Beginning with the line below that contains "Today, my name" and ending with the line that contains "22. What is", retype every line exactly. Pictures are not copied.
Input for this task START
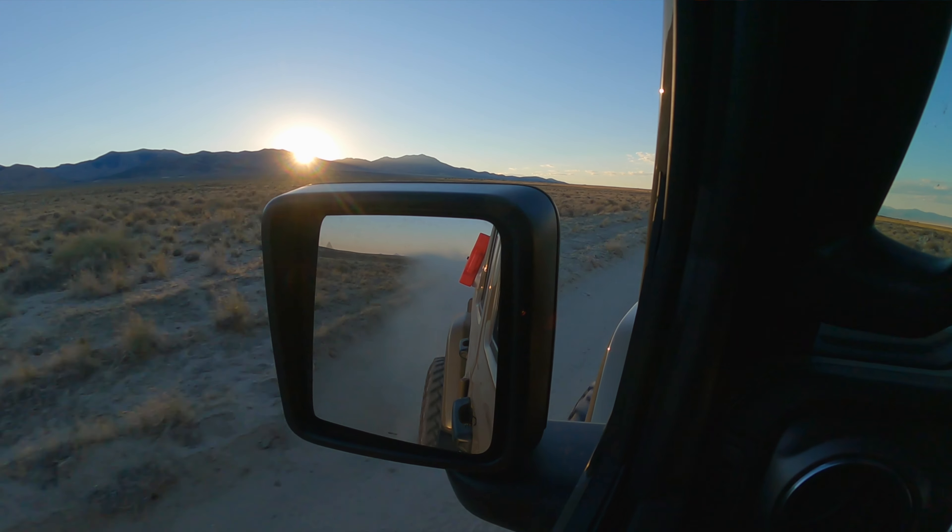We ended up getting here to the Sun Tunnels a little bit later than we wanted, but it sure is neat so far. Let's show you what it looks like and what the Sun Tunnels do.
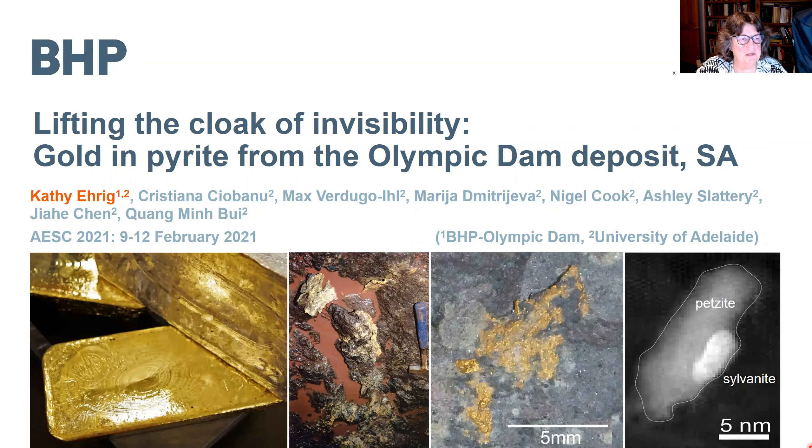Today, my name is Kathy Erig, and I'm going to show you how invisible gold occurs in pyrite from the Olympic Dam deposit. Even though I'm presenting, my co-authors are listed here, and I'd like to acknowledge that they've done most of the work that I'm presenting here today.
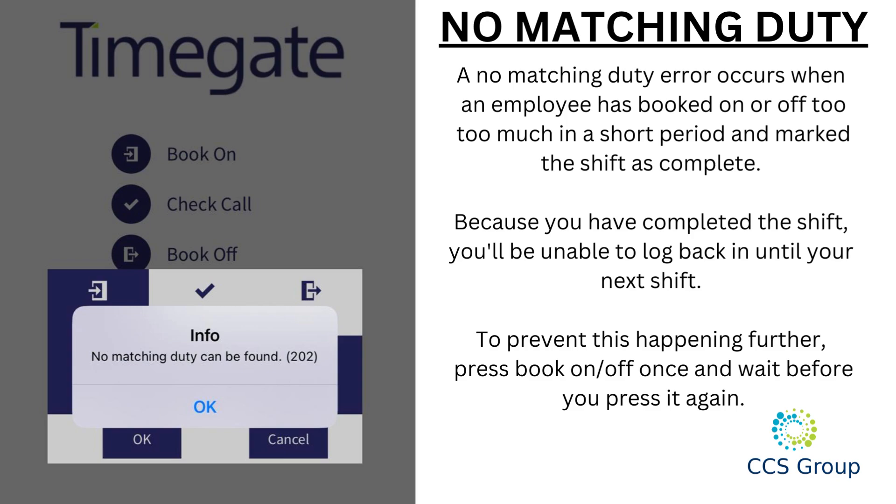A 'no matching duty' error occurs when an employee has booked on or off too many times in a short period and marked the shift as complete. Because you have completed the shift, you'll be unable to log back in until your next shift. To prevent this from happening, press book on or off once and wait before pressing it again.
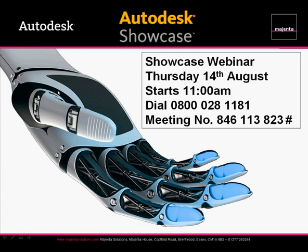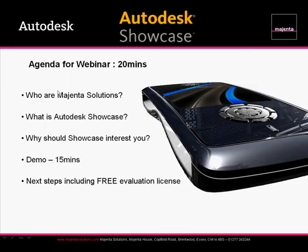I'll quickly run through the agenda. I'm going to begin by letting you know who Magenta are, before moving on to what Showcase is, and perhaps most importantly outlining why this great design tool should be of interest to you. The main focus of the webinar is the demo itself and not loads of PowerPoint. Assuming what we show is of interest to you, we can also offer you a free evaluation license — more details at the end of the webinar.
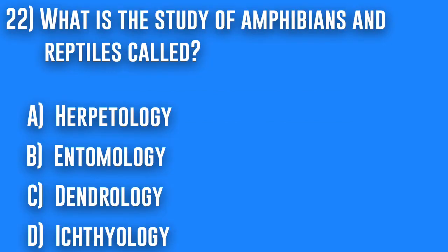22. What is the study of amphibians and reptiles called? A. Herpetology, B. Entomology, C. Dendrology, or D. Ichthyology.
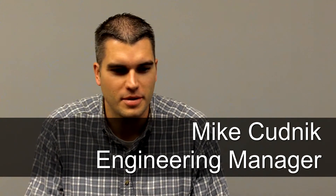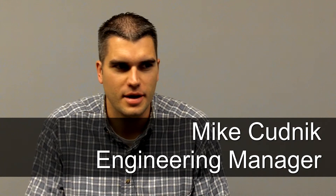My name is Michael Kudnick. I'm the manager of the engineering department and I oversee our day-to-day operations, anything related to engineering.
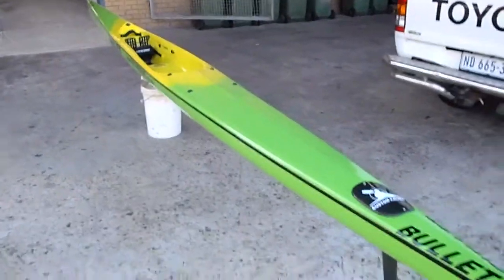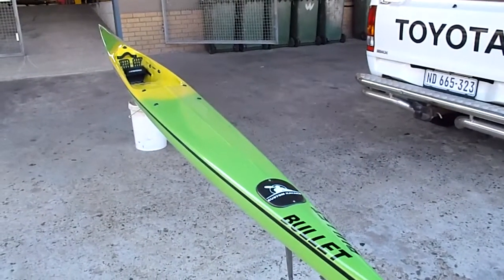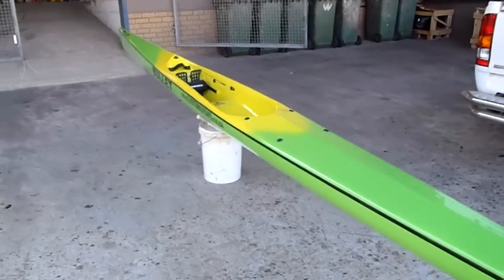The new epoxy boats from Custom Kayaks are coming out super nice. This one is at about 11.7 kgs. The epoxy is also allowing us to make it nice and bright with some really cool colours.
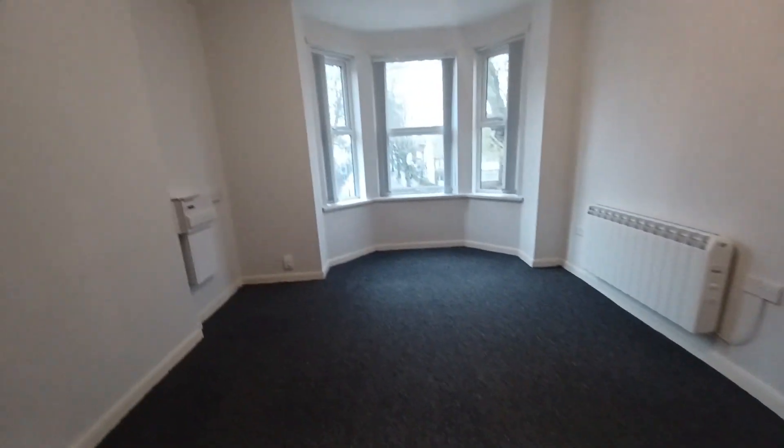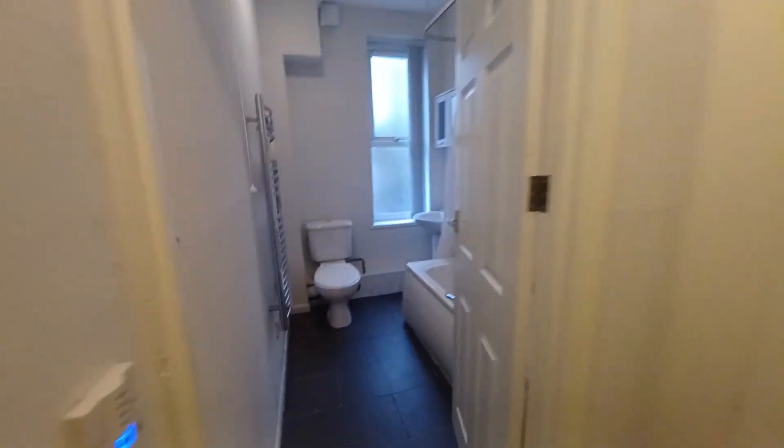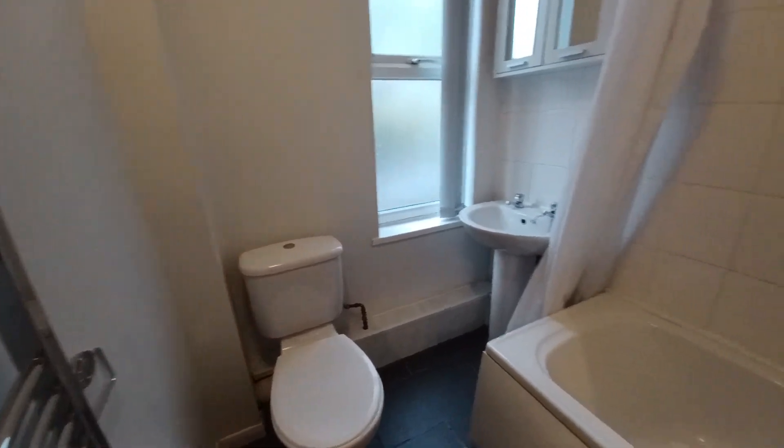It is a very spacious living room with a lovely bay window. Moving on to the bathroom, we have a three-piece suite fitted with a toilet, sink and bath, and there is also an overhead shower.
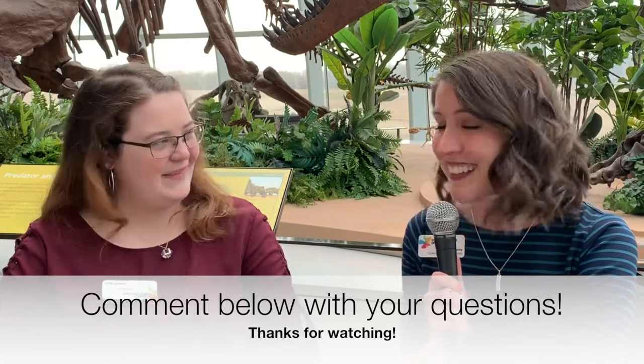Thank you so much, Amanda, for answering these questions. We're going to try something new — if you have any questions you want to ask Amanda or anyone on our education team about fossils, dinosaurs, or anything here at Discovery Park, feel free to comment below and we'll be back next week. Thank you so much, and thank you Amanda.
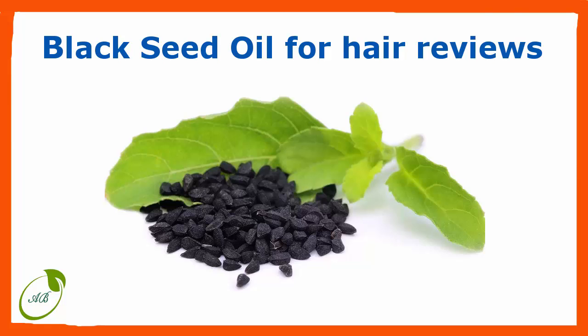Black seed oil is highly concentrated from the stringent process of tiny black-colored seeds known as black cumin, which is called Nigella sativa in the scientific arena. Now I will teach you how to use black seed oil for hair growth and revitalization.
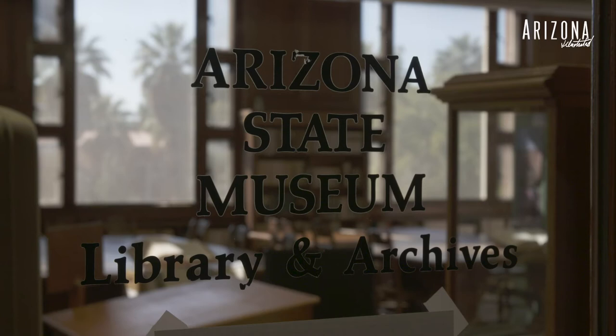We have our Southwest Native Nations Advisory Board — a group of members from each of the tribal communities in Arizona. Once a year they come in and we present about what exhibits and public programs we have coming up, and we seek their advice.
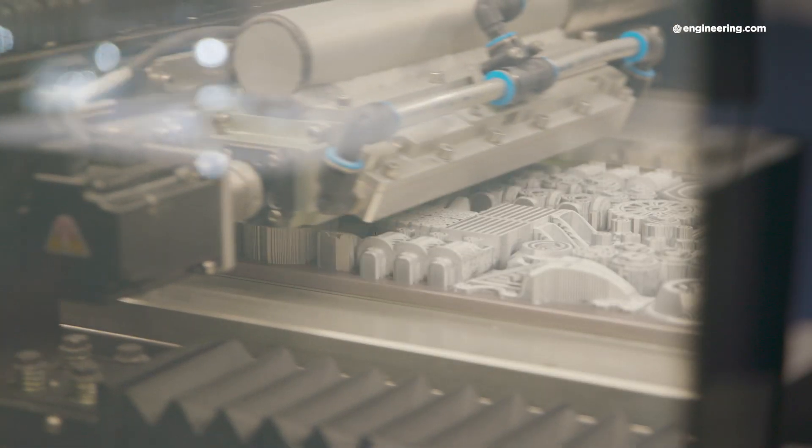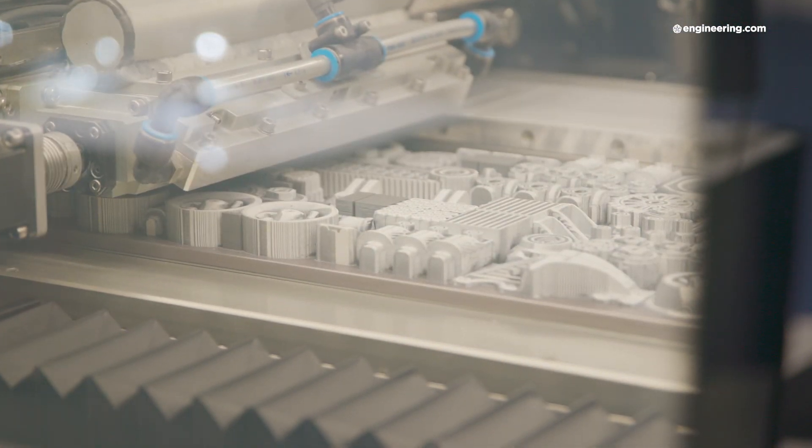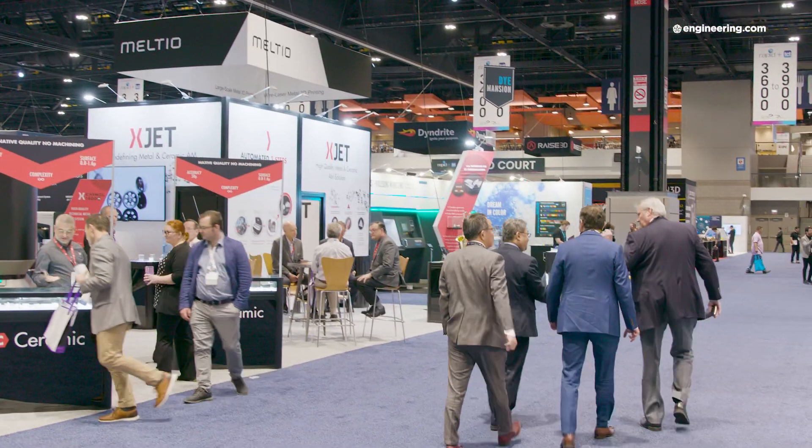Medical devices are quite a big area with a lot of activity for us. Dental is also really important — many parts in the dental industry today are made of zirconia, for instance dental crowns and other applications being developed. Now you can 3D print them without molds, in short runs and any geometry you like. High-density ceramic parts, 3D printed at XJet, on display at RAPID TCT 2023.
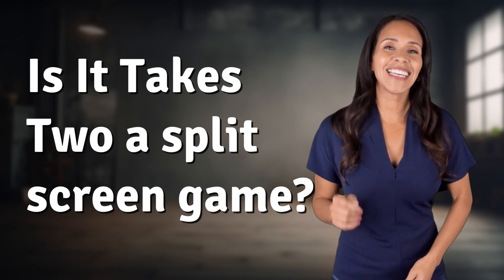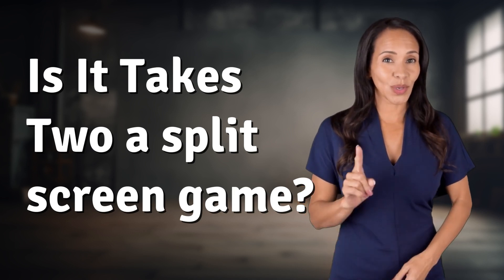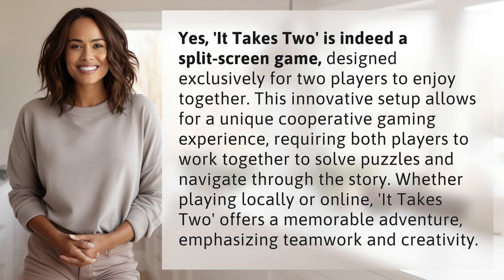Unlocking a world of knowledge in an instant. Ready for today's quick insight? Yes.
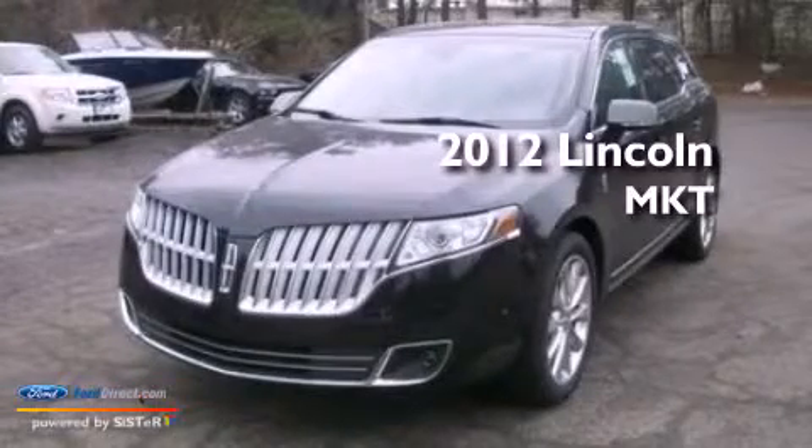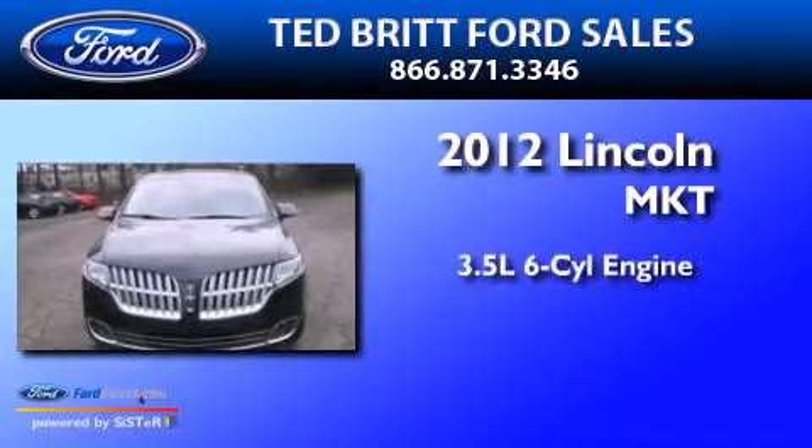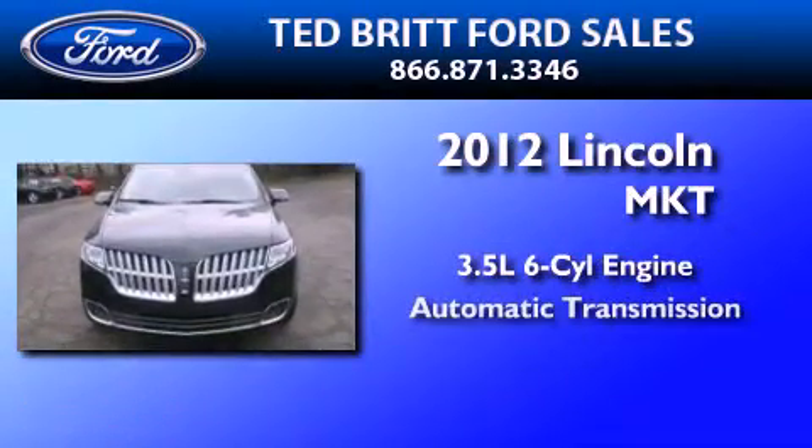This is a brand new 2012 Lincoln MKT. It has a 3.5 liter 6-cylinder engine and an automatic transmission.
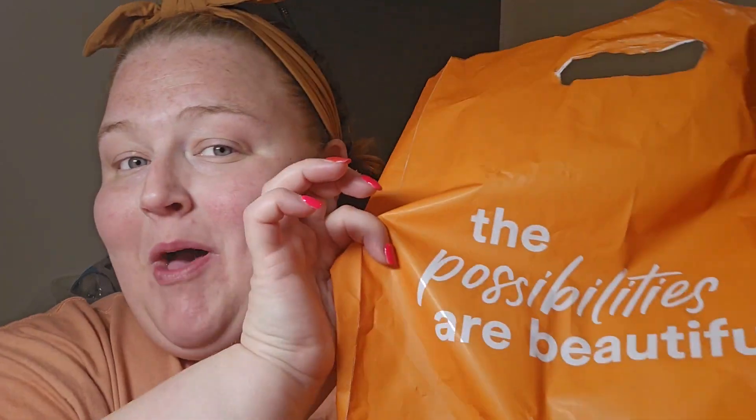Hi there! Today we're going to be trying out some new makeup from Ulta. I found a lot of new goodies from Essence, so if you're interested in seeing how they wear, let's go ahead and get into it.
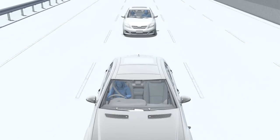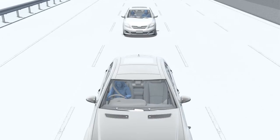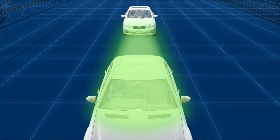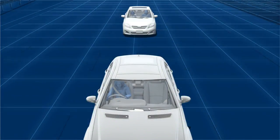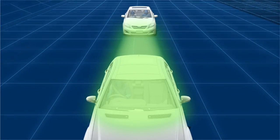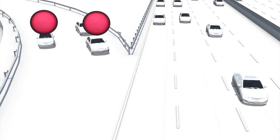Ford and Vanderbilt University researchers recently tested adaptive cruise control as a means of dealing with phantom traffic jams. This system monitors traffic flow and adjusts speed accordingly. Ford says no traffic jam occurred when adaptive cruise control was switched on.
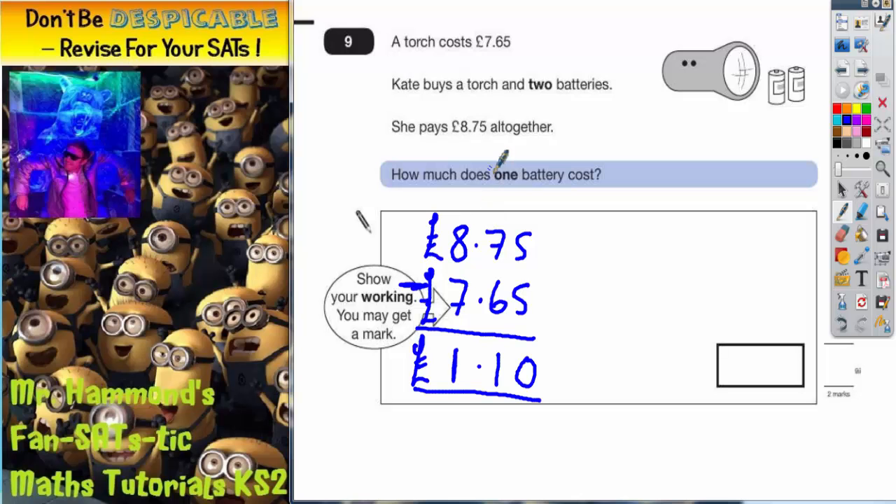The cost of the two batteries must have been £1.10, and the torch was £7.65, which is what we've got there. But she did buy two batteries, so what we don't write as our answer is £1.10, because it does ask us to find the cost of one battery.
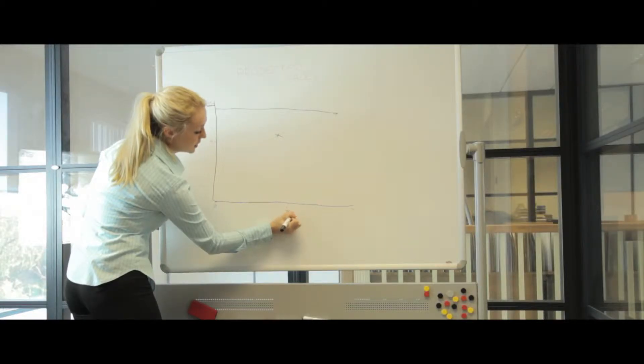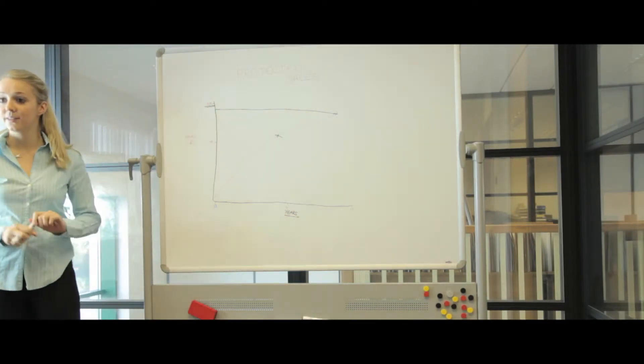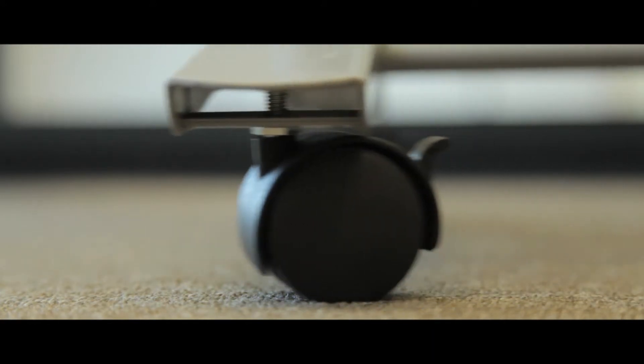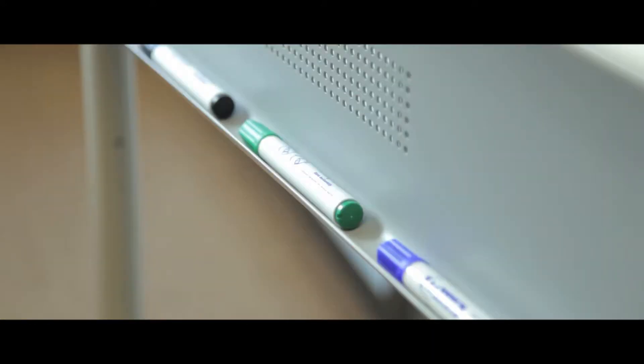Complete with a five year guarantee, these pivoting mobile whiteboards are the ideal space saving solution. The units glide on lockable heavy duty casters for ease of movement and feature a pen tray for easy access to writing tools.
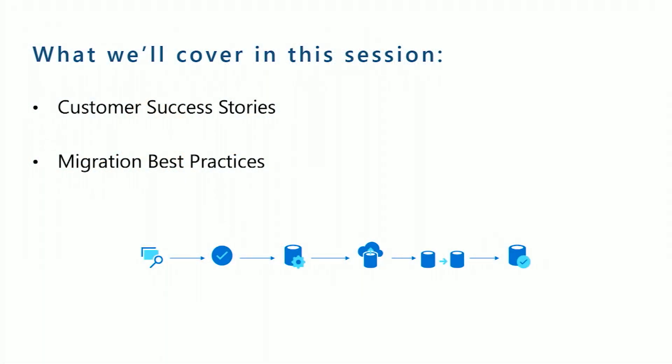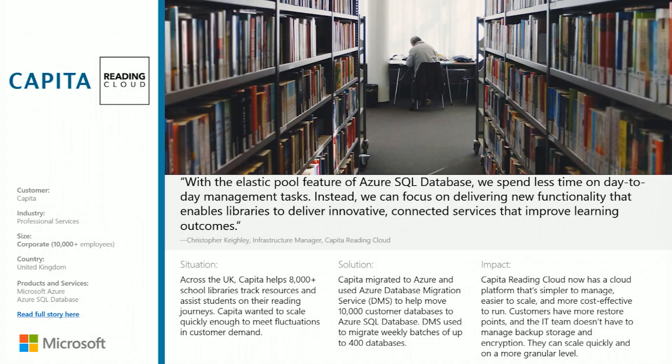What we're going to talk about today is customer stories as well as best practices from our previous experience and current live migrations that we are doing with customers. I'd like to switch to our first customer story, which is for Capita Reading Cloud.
Input for this task END
Result —
Today, my name is Kathy Erig, and I'm going to show you how invisible gold occurs in pyrite from the Olympic Dam deposit. Even though I'm presenting, my co-authors are listed here, and I'd like to acknowledge that they've done most of the work that I'm presenting here today.
A 'no matching duty' error occurs when an employee has booked on or off too many times in a short period and marked the shift as complete. Because you have completed the shift, you'll be unable to log back in until your next shift. To prevent this from happening, press book on or off once and wait before pressing it again.
I'll quickly run through the agenda. I'm going to begin by letting you know who Magenta are, before moving on to what Showcase is, and perhaps most importantly outlining why this great design tool should be of interest to you. The main focus of the webinar is the demo itself and not loads of PowerPoint. Assuming what we show is of interest to you, we can also offer you a free evaluation license — more details at the end of the webinar.
22. What is the study of amphibians and reptiles called? A. Herpetology, B. Entomology, C. Dendrology, or D. Ichthyology.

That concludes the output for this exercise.